Reproduce verbatim the line containing "Product detail of" and every line that follows it through the end of the entries below, omitting all pictures.

(Scraped caption text data)
..........

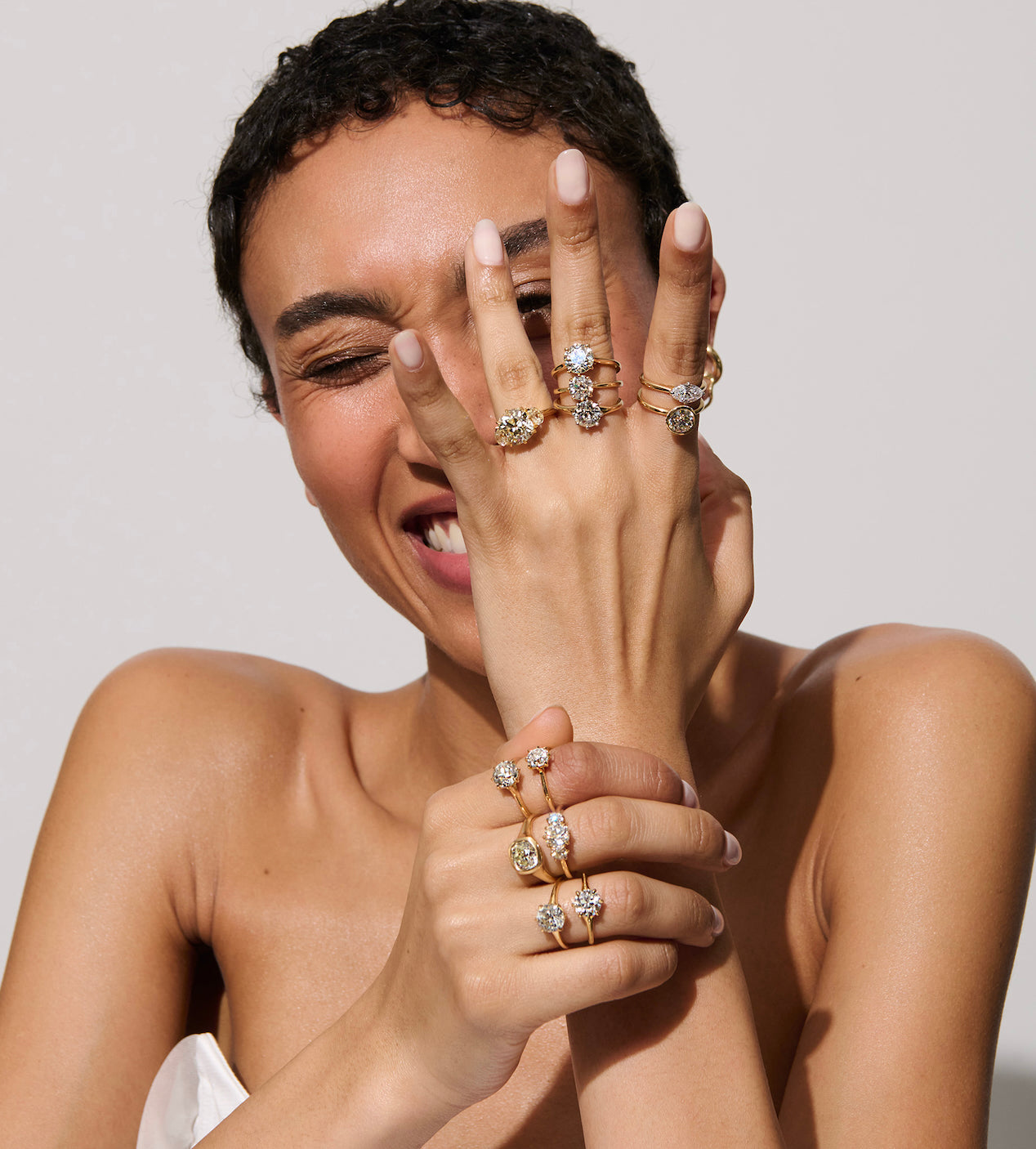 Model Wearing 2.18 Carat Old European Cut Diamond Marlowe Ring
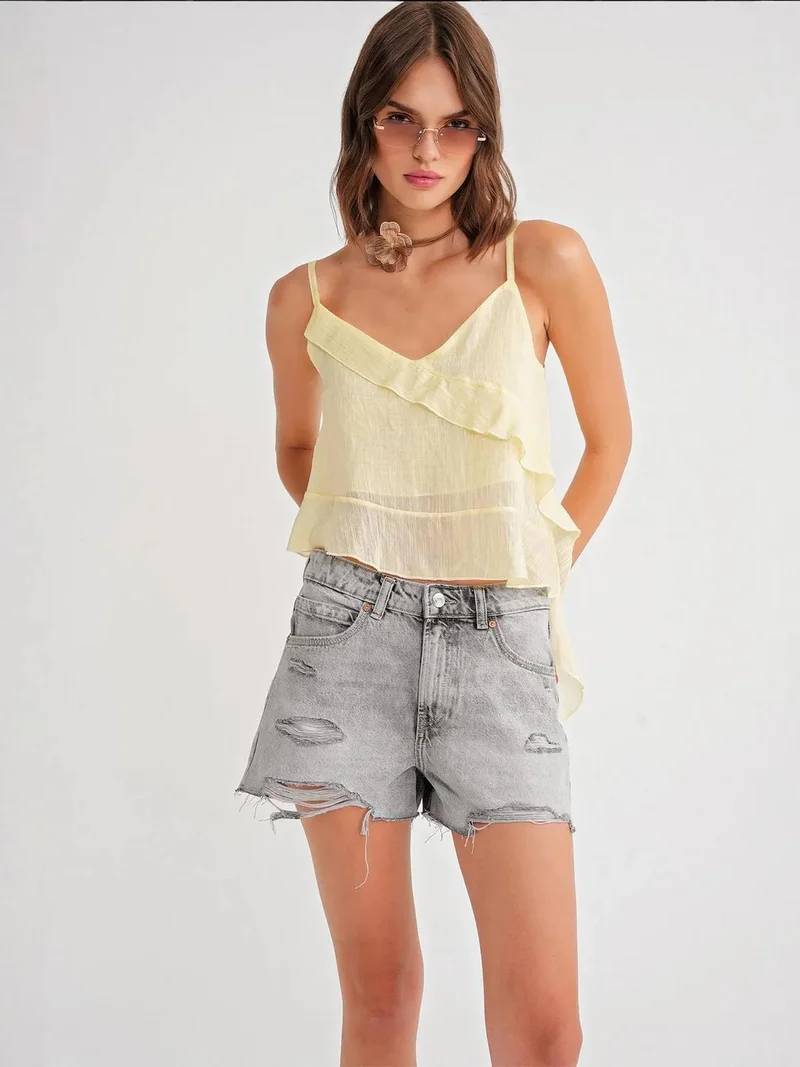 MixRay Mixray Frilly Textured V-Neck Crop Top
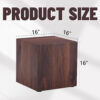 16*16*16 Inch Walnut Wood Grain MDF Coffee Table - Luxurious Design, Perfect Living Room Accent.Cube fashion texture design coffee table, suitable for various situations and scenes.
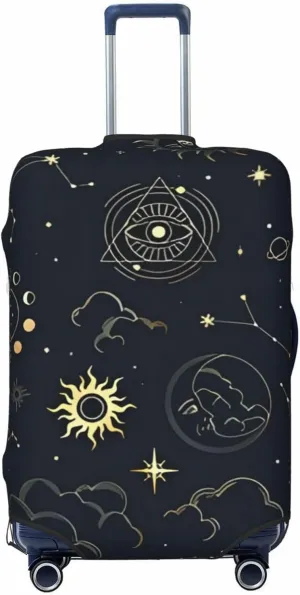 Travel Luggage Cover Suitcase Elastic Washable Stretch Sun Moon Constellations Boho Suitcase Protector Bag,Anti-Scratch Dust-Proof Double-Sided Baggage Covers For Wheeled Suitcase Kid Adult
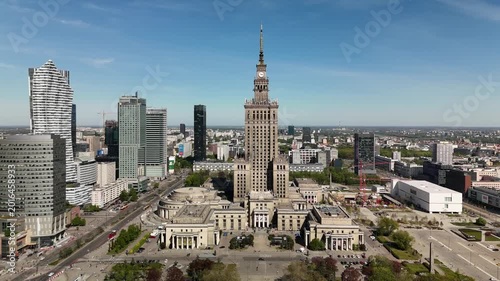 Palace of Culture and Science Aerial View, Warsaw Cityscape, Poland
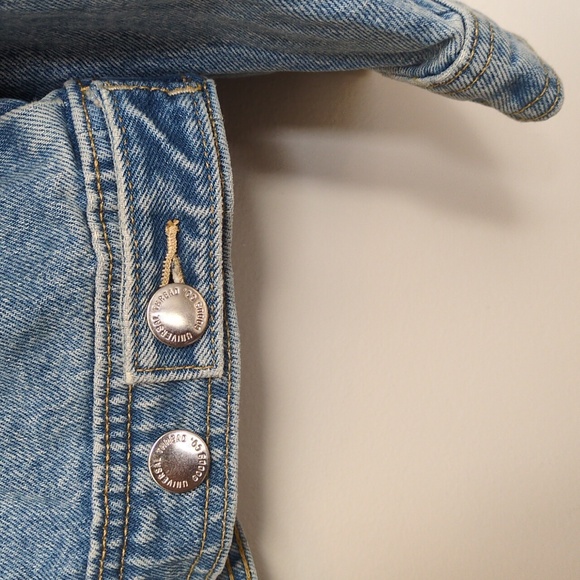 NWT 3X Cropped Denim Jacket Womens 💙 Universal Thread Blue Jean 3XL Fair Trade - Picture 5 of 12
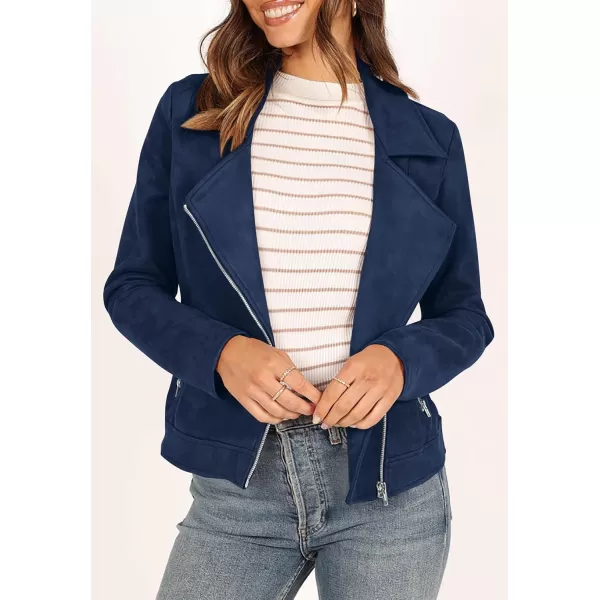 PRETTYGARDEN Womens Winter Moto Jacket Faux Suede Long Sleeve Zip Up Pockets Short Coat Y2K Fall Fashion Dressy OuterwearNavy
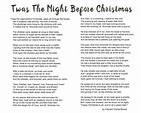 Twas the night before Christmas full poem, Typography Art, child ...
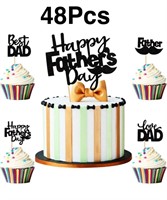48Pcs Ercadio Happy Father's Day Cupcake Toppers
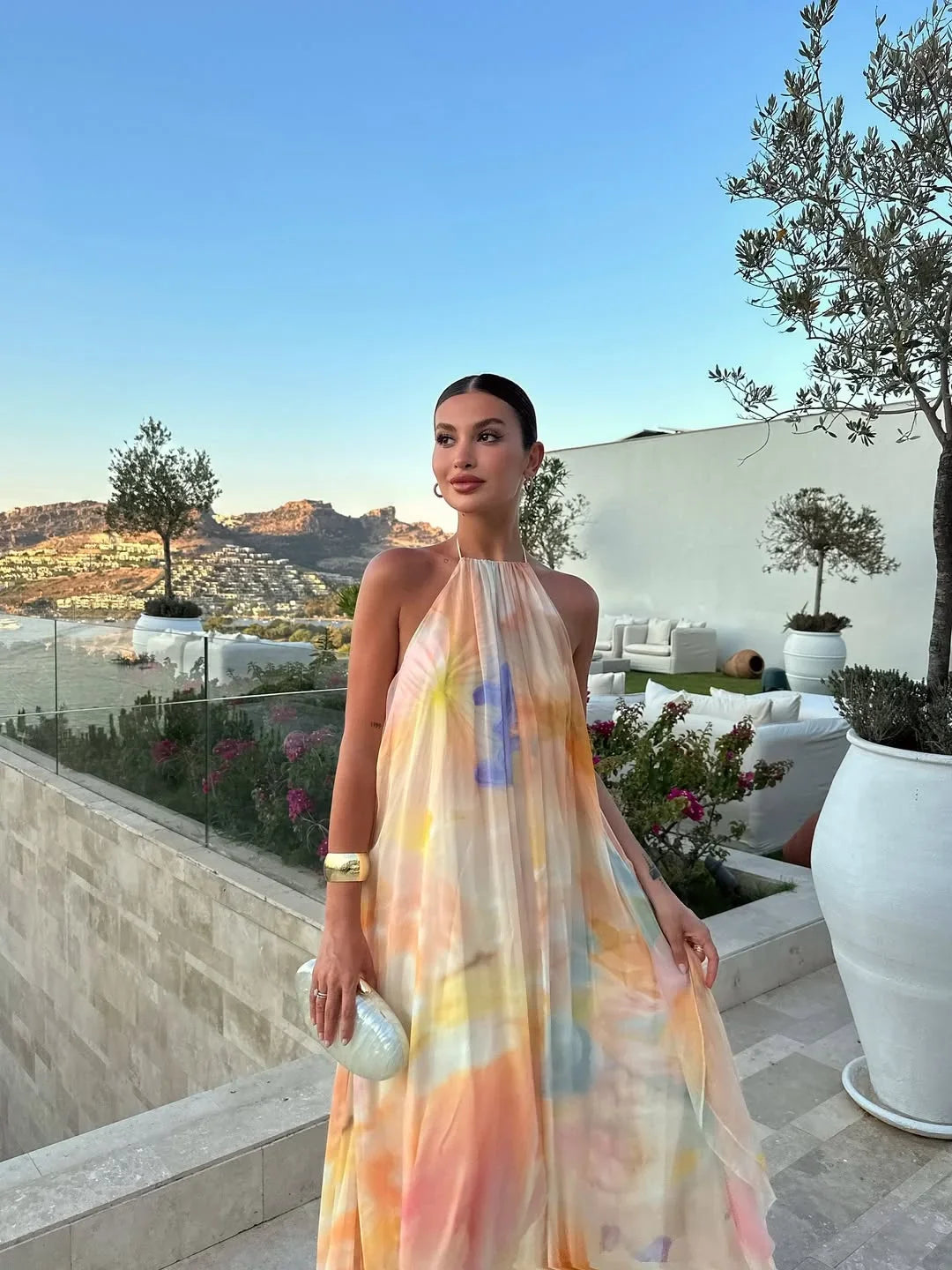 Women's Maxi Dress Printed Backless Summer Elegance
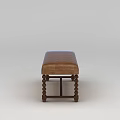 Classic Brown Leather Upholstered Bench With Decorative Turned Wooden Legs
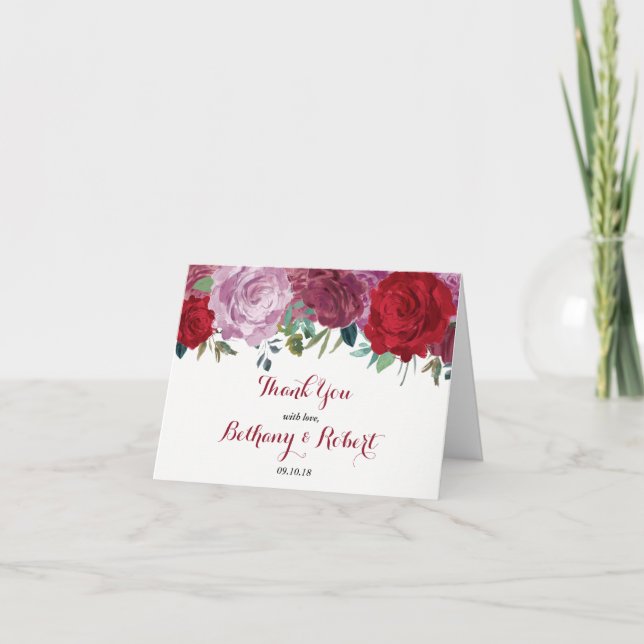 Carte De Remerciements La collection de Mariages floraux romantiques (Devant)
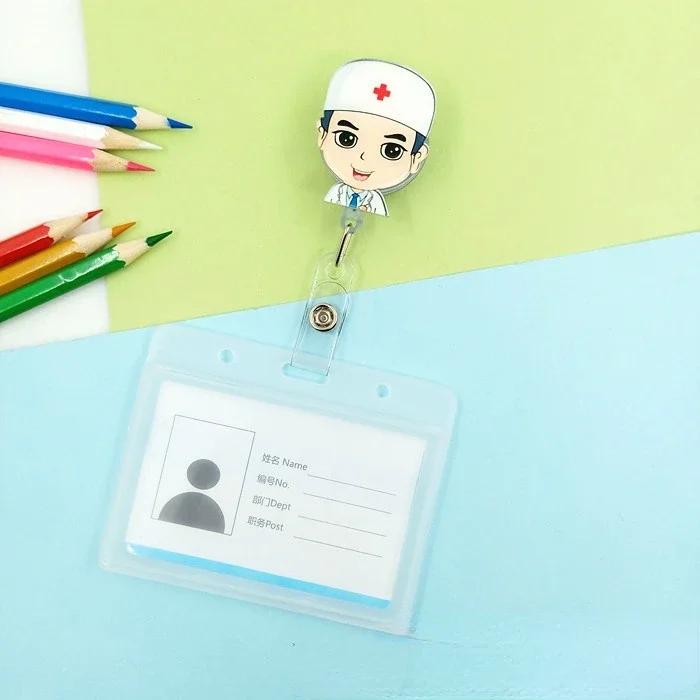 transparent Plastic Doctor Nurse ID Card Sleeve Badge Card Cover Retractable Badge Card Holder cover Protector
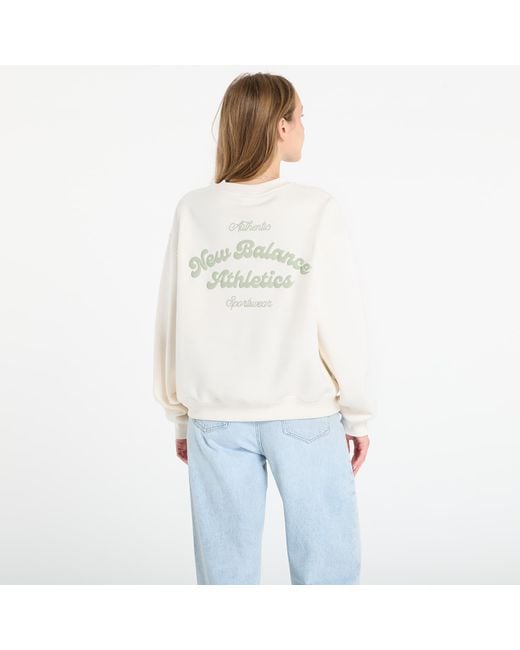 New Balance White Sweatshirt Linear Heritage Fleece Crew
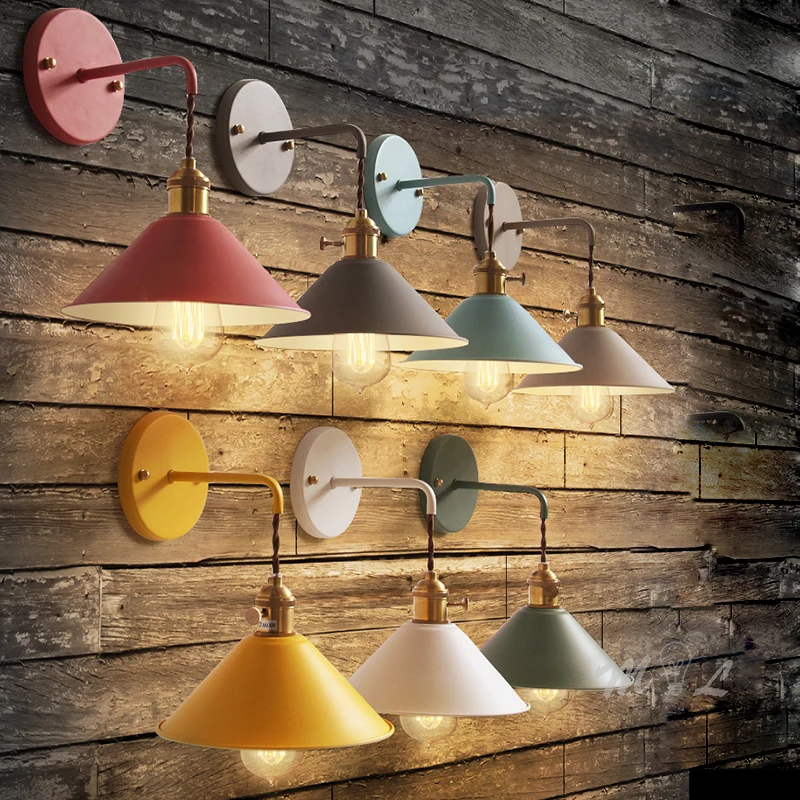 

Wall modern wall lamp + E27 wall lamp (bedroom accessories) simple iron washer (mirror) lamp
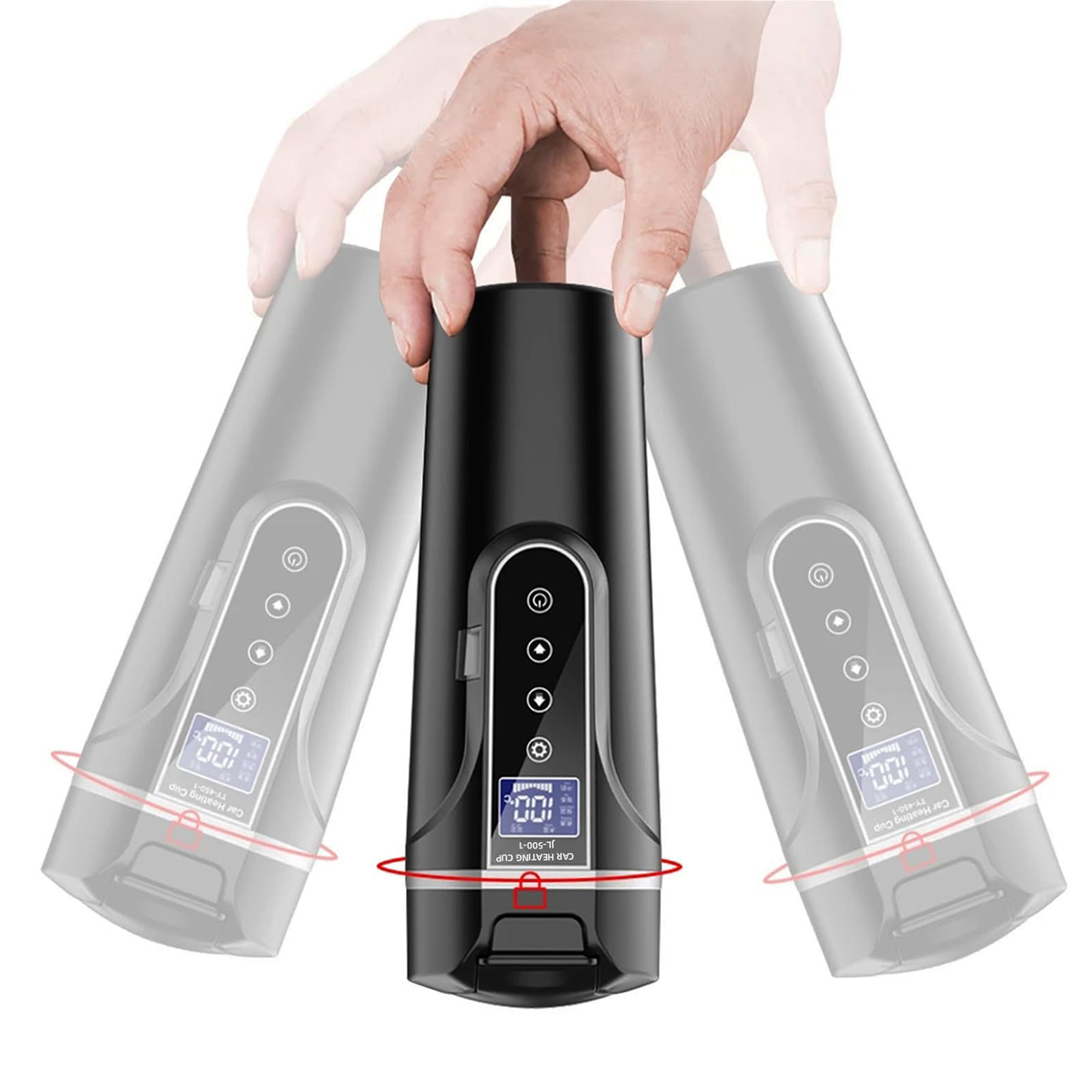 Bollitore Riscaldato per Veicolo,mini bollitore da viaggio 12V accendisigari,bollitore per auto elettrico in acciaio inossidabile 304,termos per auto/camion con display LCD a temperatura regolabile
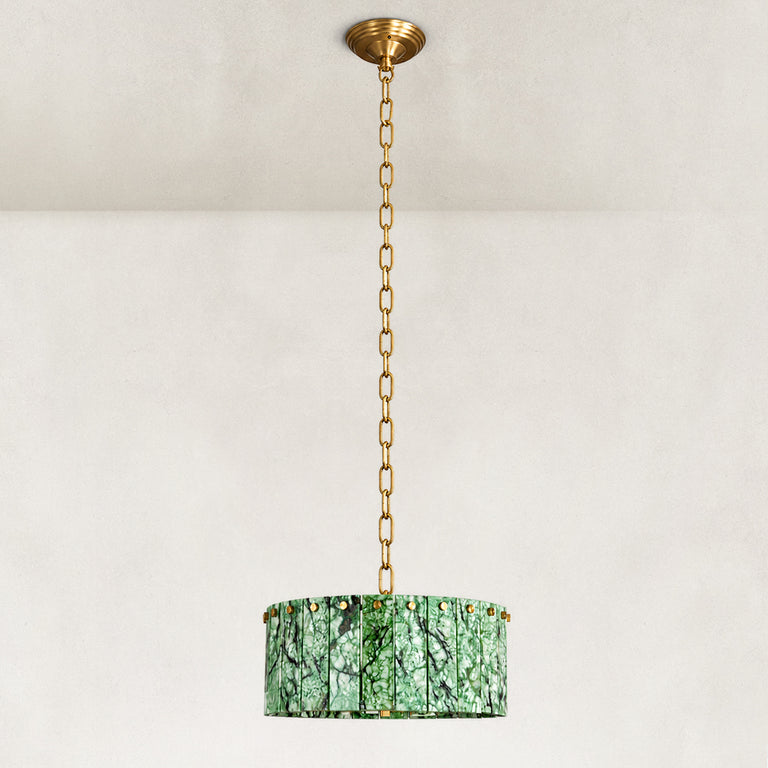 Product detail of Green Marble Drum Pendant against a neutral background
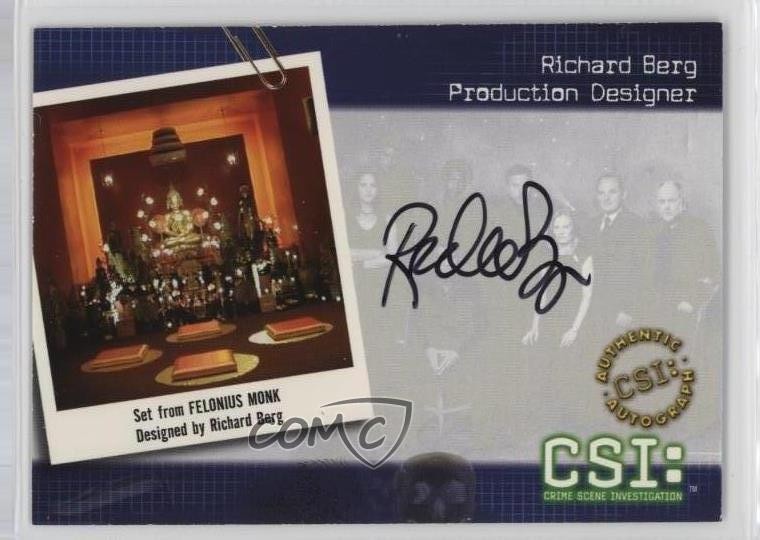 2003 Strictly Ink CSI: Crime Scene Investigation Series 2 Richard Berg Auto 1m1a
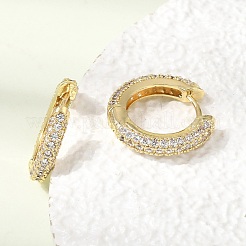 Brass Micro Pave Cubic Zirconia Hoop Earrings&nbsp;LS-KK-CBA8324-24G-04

..........

[Your response]
 Product detail of Green Marble Drum Pendant against a neutral background
 2003 Strictly Ink CSI: Crime Scene Investigation Series 2 Richard Berg Auto 1m1a
 Brass Micro Pave Cubic Zirconia Hoop Earrings&nbsp;LS-KK-CBA8324-24G-04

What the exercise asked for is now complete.